The distinction is not trivial. It is the difference between a government that manages a product and a government that manages the evolution of a capability. The former is the default institutional mode. The latter is the condition under which a defense establishment can actually keep pace with commercial technology moving at private sector speed.
Environmental Intelligence as a Kill Web Input
The framing of weather intelligence as a critical input to distributed force operations is not an abstraction. For a Marine formation operating in the Pacific littoral — moving through a sequence of dispersed positions, timing its presence in each to avoid detection and exploit operational windows — meteorological accuracy at the operational scale matters enormously. Not global forecast accuracy. Not regional averages. Local, time-specific, operationally relevant weather data for a defined area over a defined period.
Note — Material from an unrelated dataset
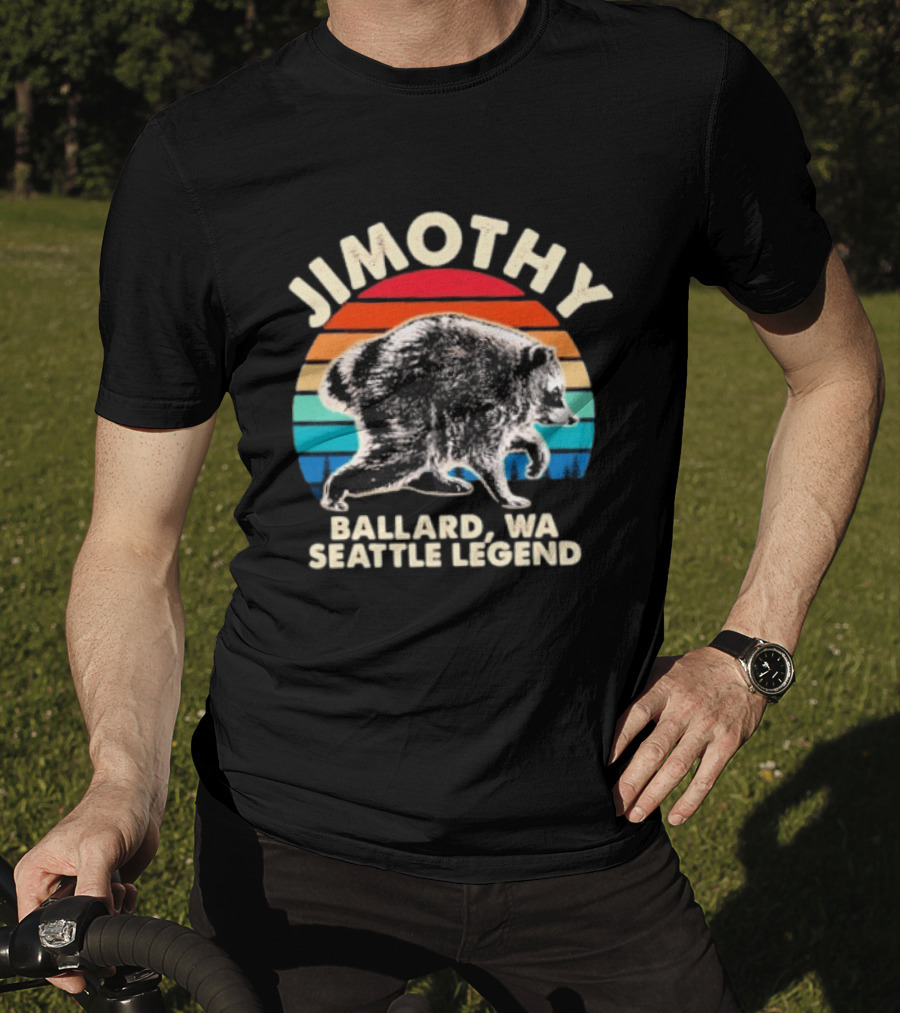 Jimothy Raccoon Ballard WA Seattle Legend Retro Vintage Sunset T-Shirt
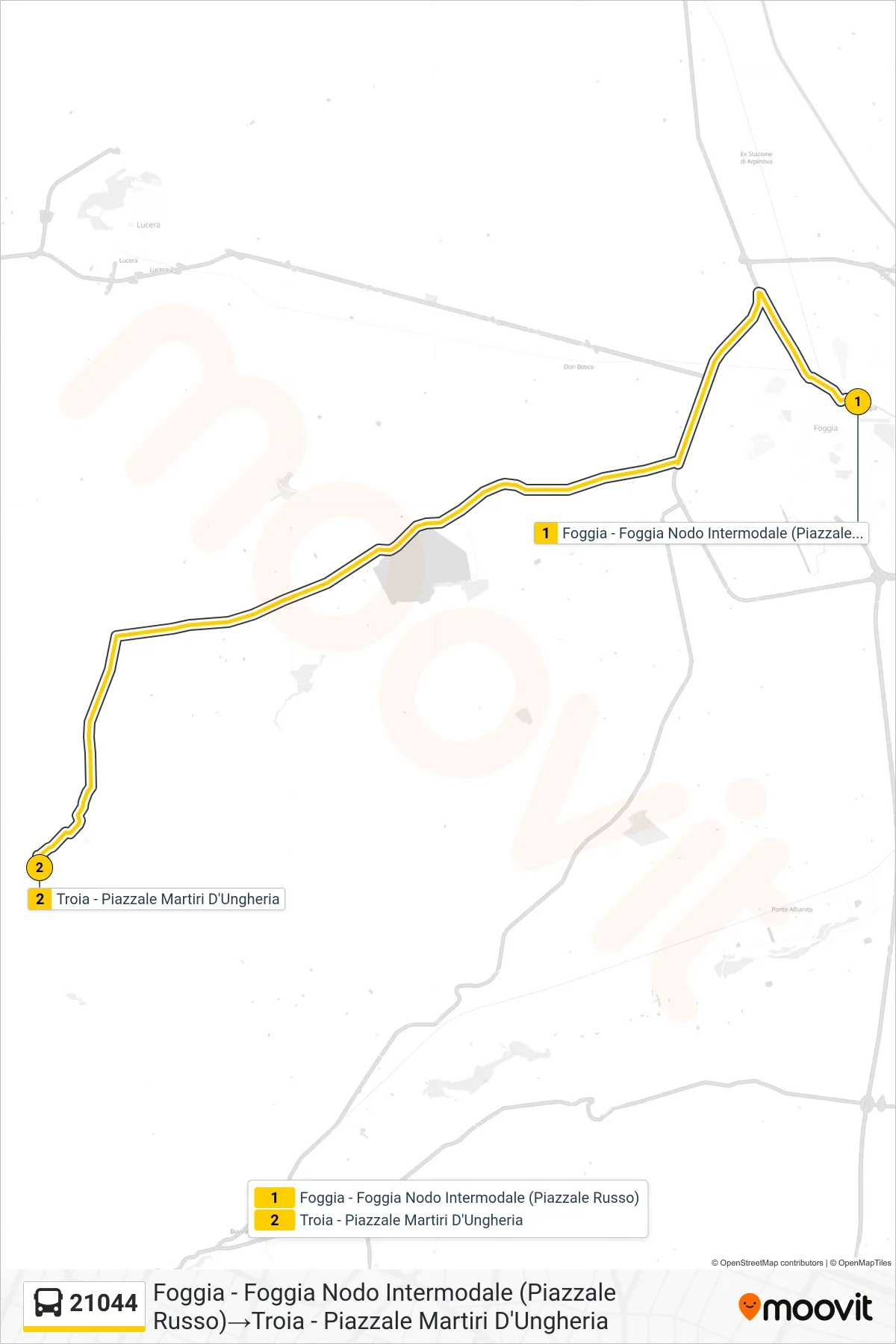 Linea 21044 bus (Foggia - Foggia Nodo Intermodale (Piazzale Russo)→Troia - Piazzale Martiri D'Ungheria) - Percorsi e fermate sulla mappa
Xweather’s architecture is sized for exactly this. Its hyperlocal, real-time forecasting model can be applied to a specific operational area, not just to say what the weather will be globally, but to provide decision-relevant environmental intelligence for the area in which a force intends to operate for the next 96 to 120 hours. Whether a position at point X, Y, or Z offers the better meteorological window for a planned operation is exactly the kind of question the system is designed to answer.
Integrated into a broader sensor and intelligence architecture including the autonomous maritime systems and distributed sensor networks that are increasingly central to U.S. Indo-Pacific operational concept, this kind of environmental intelligence becomes a foundational input rather than a support service. Domain awareness in contested maritime and polar environments requires environmental awareness. The kill web concept depends on knowing not just where adversaries are, but what the operating environment allows and constrains for all parties.
The D-Day Reminder
Teppo Kuisma’s summary of the argument is concise: “Nothing has changed since D-Day.”
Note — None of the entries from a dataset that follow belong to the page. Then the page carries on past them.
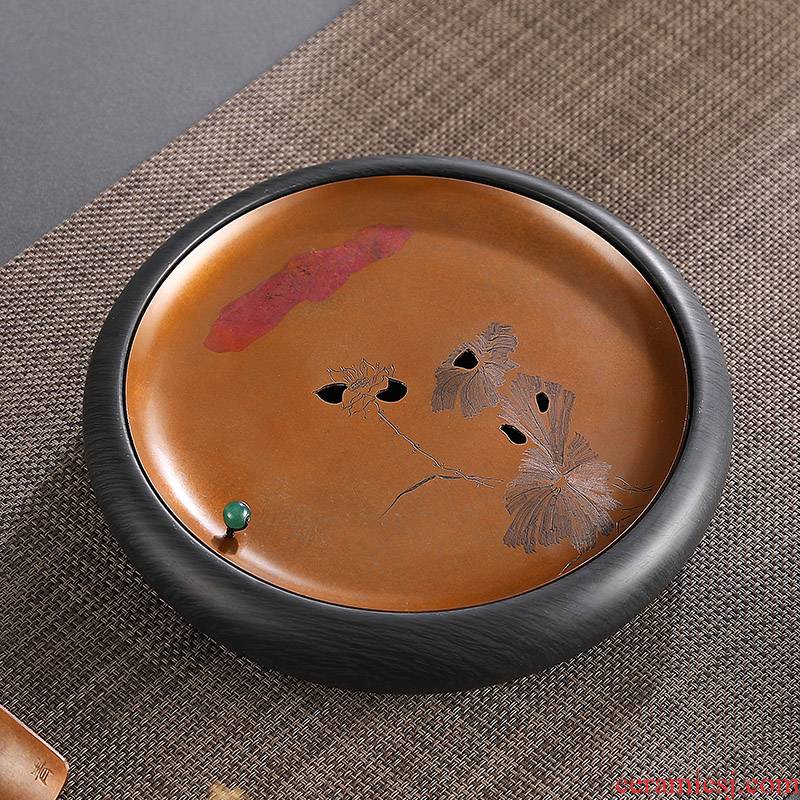 The cloud YunChun copper pot of tea tray bearing dry water tea table plate she inkstand copper metal tea ceramic tea set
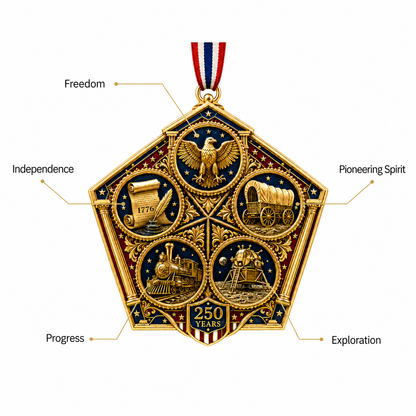 🔥 Limited Edition 🔥 2026 America 250th Anniversary Heritage Journey Christmas Ornament 🇺🇸🎄✨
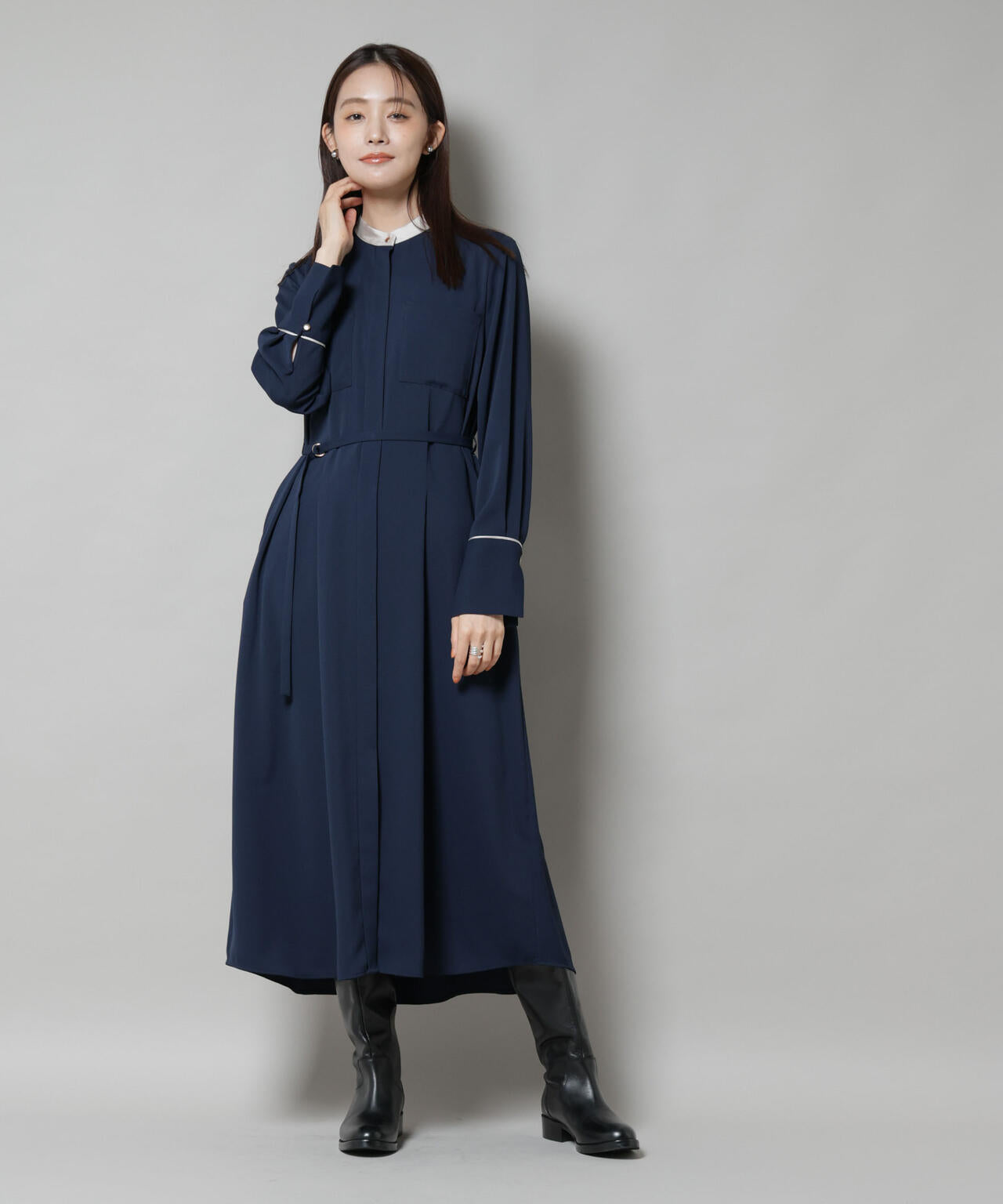 スタンドバイカラーベルト付きワンピース 6695219303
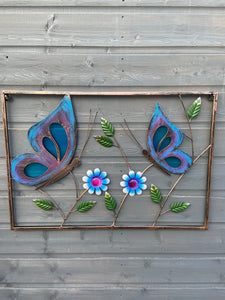 Bronze framed two butterfly and flower wall art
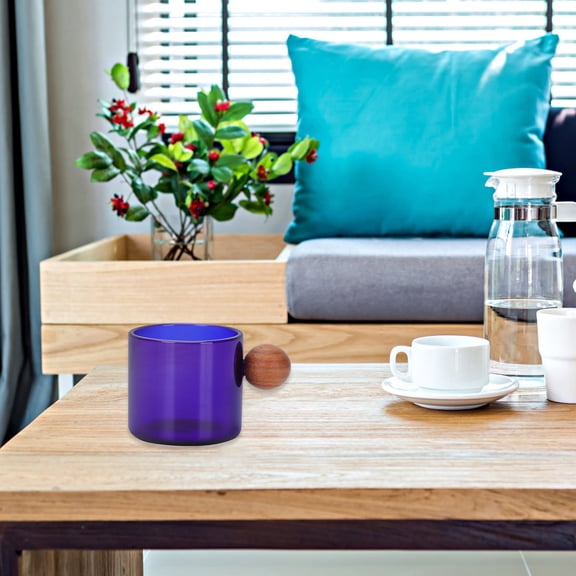 AURARMLET Coffee Cup Blue Wooden Handle 1Pcs 2.2x2.2x2.2in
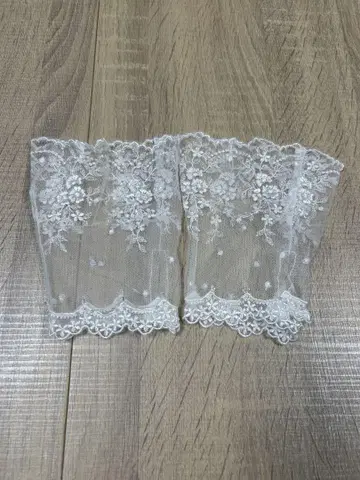 핑거리스 웨딩 글로브 화이트 레이스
The requirement for accurate, timely environmental intelligence as a precondition for effective military operations is as old as organized warfare. What has changed is the technological basis on which that intelligence can be generated, the speed at which it can be delivered, and the institutional model through which defense establishments can access it.
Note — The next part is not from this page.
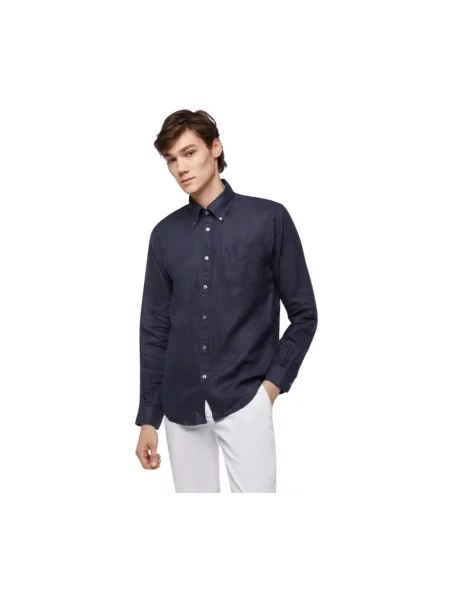 Lniana koszula Brooks Brothers niebieska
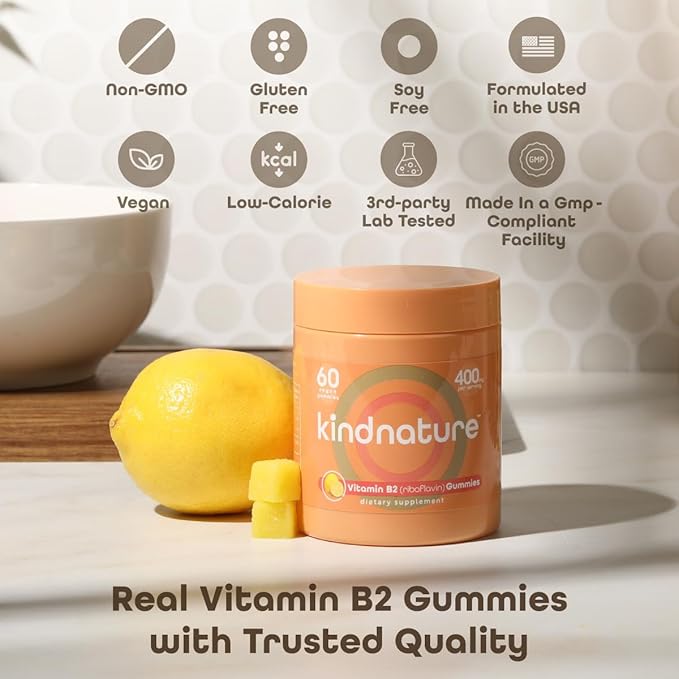 kindnature Vitamin B2 Gummies - Riboflavin 400mg Supplement for Kids &amp Adults - Non-GMO Soy &amp Gluten-Free Vegan Chewable Gummies (30 Day Supply)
Vaisala Xweather does not present itself as a defense company. It is a data and intelligence services business with a subscription model, proprietary observation networks, AI-driven forecasting, and a client base that includes some of the world’s most operationally demanding users. What it represents, from a strategic perspective, is the leading edge of a shift in which the capability to understand and predict the operating environment is increasingly generated outside government and available to those governments willing to adopt the procurement and management models that can take advantage of it.
Whether defense establishments will move fast enough to capture that advantage or whether institutional inertia will leave them relying on models that are a day and a half old when the operational window is measured in hours is the real question.